G protein coupled receptors (GPCRs) are a class of membrane receptors that transmits extracellular signals into the cell. They can be activated by a diverse set of ligands including small molecules, hormones, neurotransmitters, or photons and are targeted by a third of currently marketed drugs. Endogenous ligands and drugs may exhibit different efficacy profiles, ranging from full activation to complete inactivation of a signalling pathway. The key to the selective interaction with signalling partners in response to ligand binding lies in the conformational flexibility of the membrane receptors. Previous research has extensively studied the three-dimensional structures of GPCRs and their signalling. However, the link between active conformations and signalling is still missing.
In this project, we are filling this gap by linking the three-dimensional structure of the receptor to signalling using a combination of biophysical experiments, computational analyses and high throughput signalling approaches. Our objectives are to further our understanding of the conformational changes in GPCRs and how they are linked to signalling. Which of the conformational changes observed are important for signalling and which ones are not? Which residues of the receptor are the most important ones for translating a ligand signal into an intracellular signal? Can this process be modified, either through changes in the ligand or through modulation of signal transduction at a later stage?
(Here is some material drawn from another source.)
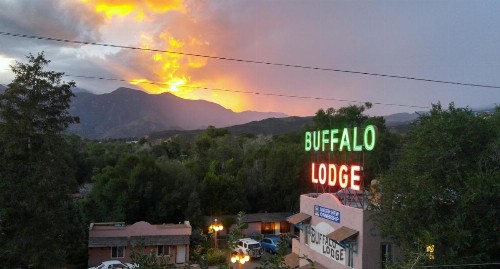 Buffalo Lodge Bicycle Resort - Amazing access to local trails & the Garden - image 24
Better understanding the molecular basis behind signalling, including the conformational changes that the receptor undergoes upon activation, are important for the development of better drugs with fewer side effects. Understanding how exactly ligand binding is converted into an intracellular signalling event will help researchers modify existing ligands or help them design new ligands with better characteristics.
In conclusion, we have developed a framework for integrating pharmacological and structural data in this project. This allows us to determine which parts of the receptor are key for its functions, which parts are structurally important, pharmacologically important, or both. This improves our interpretation of both pharmacological and structural data. Our approach can be applied to other proteins where functional and structural data are available at similar resolution.